[Records contained in a dataset]
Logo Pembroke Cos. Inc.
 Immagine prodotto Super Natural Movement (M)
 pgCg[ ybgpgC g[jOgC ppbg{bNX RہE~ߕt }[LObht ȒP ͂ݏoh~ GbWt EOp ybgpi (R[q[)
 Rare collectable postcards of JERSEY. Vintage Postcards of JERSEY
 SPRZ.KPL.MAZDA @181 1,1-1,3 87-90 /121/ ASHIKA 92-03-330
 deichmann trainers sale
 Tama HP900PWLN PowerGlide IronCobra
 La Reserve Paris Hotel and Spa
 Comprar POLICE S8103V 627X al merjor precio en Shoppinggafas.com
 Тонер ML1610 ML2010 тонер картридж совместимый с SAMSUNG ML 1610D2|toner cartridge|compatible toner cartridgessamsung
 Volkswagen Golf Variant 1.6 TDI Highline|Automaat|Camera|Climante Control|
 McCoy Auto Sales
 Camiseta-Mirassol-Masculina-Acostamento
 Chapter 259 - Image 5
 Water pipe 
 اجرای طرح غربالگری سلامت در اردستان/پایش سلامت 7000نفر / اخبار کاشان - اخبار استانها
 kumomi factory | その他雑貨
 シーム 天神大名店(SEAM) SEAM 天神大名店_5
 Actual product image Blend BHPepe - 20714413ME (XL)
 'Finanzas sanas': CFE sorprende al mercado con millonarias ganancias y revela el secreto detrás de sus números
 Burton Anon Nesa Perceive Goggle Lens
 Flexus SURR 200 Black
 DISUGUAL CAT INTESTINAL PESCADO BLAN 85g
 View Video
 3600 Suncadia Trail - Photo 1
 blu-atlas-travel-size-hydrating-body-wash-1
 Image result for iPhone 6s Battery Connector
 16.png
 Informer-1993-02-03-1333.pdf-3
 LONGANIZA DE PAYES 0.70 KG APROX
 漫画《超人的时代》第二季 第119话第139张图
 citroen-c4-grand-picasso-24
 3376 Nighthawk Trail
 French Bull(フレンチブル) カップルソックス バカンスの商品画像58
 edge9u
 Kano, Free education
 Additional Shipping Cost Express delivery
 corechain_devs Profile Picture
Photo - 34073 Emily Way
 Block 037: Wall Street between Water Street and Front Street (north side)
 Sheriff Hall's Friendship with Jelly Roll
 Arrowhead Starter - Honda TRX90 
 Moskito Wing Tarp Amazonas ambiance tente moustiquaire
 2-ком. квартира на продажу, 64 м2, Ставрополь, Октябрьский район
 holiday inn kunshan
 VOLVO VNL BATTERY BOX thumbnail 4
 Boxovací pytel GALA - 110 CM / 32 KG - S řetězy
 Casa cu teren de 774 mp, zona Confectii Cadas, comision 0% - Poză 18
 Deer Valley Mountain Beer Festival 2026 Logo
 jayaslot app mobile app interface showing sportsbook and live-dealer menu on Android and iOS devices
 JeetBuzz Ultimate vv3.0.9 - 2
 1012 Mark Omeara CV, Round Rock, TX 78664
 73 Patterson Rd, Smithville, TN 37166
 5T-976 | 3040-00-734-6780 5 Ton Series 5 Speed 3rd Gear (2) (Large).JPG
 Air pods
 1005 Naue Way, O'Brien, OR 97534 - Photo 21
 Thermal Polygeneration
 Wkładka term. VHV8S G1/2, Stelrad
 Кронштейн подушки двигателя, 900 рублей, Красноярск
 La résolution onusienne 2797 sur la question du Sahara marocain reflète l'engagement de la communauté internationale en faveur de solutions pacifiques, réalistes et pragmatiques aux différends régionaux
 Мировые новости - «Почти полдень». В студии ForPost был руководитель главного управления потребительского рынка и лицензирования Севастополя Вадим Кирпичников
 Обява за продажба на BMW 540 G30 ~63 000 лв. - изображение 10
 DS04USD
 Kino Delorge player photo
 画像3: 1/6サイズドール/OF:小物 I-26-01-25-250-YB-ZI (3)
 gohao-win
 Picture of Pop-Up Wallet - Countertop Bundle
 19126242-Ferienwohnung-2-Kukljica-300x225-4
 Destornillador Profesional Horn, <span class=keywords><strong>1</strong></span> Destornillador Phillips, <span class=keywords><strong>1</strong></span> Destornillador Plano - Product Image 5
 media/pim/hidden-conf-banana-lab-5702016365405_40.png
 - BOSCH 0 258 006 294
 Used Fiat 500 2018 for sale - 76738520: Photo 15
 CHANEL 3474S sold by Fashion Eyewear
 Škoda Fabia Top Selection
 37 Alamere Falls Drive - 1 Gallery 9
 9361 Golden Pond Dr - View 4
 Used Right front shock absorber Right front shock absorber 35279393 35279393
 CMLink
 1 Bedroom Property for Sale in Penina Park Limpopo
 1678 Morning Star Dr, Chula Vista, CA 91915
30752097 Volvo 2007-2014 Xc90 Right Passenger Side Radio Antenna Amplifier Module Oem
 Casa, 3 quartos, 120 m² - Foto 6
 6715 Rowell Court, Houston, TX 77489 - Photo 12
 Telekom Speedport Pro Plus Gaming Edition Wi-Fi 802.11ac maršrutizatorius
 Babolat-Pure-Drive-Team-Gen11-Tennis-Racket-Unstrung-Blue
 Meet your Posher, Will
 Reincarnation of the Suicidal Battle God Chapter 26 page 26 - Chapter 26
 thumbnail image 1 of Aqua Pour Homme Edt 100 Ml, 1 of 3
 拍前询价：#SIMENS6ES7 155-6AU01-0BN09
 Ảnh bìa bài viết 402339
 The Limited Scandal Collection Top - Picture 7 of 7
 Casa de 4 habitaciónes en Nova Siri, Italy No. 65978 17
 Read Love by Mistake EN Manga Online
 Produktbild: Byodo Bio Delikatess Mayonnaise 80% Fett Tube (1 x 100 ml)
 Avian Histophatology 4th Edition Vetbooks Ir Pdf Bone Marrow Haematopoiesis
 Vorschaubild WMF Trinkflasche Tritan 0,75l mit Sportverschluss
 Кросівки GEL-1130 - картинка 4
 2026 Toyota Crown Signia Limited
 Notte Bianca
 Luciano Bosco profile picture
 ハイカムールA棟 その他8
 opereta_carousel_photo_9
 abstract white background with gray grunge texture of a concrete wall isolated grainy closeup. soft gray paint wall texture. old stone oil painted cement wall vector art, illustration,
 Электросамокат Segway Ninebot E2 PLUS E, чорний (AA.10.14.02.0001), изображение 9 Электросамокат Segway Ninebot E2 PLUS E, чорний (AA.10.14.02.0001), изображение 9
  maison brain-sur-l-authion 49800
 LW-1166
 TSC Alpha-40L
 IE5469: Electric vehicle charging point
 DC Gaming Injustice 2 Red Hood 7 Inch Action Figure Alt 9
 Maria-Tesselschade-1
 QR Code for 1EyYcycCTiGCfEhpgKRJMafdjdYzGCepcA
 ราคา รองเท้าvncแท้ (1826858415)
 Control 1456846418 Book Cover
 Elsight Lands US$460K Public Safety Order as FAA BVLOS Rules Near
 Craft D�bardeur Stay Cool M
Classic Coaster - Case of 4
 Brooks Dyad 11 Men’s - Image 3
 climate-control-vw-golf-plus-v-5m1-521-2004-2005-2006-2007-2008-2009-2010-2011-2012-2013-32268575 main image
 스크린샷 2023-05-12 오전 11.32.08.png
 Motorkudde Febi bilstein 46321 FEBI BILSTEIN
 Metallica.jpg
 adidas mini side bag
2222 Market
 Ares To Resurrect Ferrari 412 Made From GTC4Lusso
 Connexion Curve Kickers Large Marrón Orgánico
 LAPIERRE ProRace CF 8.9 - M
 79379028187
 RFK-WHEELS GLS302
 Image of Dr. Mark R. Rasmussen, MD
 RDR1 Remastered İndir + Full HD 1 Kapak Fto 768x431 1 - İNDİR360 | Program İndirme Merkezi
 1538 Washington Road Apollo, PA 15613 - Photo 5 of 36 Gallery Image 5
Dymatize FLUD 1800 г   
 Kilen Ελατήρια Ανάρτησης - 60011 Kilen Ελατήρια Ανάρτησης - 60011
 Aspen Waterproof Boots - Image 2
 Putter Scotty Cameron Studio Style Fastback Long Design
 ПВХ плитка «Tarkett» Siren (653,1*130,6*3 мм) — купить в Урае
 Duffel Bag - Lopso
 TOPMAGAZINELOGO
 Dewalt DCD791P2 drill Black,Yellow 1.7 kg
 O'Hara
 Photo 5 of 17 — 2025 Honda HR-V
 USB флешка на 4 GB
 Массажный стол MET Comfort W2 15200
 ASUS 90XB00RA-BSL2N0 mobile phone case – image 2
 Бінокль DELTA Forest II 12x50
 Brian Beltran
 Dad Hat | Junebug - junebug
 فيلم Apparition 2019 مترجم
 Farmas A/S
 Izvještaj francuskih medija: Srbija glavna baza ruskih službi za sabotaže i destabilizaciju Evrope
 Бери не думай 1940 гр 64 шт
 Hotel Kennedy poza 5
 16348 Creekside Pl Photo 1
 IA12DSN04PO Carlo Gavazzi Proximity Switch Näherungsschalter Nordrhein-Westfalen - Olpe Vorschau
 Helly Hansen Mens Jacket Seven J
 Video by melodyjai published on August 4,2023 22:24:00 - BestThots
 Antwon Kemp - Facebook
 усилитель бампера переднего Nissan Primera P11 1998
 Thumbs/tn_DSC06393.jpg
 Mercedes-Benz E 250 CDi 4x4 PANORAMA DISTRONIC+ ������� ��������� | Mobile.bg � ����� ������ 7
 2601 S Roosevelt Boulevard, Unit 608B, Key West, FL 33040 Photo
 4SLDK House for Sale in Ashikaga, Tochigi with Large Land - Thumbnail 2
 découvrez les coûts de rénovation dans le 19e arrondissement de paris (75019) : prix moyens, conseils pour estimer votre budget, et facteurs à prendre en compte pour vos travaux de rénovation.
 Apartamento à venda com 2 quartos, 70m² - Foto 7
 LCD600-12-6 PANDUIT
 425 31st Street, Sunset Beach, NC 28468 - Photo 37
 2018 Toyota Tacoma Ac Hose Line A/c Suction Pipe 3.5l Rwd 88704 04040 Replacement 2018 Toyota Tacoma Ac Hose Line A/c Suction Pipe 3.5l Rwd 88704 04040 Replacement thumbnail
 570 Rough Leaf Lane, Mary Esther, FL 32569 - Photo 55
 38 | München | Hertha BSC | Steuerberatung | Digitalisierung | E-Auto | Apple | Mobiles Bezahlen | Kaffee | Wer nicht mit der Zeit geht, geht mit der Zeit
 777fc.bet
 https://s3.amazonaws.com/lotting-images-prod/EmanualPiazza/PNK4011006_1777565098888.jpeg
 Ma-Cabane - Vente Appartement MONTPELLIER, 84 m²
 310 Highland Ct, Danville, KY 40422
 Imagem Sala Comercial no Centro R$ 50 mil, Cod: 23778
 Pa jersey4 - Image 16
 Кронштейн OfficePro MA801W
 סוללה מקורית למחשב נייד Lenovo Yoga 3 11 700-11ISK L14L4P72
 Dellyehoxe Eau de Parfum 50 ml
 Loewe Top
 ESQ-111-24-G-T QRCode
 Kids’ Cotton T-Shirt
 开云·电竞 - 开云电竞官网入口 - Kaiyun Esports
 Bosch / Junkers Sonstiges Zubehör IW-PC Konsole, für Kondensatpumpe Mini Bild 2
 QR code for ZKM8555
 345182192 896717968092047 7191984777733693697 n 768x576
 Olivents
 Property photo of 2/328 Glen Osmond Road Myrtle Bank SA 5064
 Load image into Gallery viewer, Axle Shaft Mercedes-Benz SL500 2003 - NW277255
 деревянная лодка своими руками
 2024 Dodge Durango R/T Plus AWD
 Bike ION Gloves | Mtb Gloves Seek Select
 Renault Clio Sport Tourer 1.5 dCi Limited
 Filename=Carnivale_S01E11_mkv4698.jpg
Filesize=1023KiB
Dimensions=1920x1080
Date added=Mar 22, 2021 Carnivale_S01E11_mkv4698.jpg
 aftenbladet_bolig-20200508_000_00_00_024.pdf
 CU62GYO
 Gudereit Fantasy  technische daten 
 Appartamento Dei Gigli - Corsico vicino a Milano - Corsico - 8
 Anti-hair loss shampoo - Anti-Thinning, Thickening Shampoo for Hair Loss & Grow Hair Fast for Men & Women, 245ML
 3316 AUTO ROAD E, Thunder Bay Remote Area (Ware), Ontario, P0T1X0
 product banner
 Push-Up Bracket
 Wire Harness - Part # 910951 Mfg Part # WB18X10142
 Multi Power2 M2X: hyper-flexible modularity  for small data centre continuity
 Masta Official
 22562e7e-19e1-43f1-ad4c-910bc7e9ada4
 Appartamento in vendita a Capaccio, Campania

▶ **EXERCISE BRIEF**:
Only the number should be given: how many lines of the data contain the word "Large"?

▶ **SOLUTION TO THE PROBLEM**:
3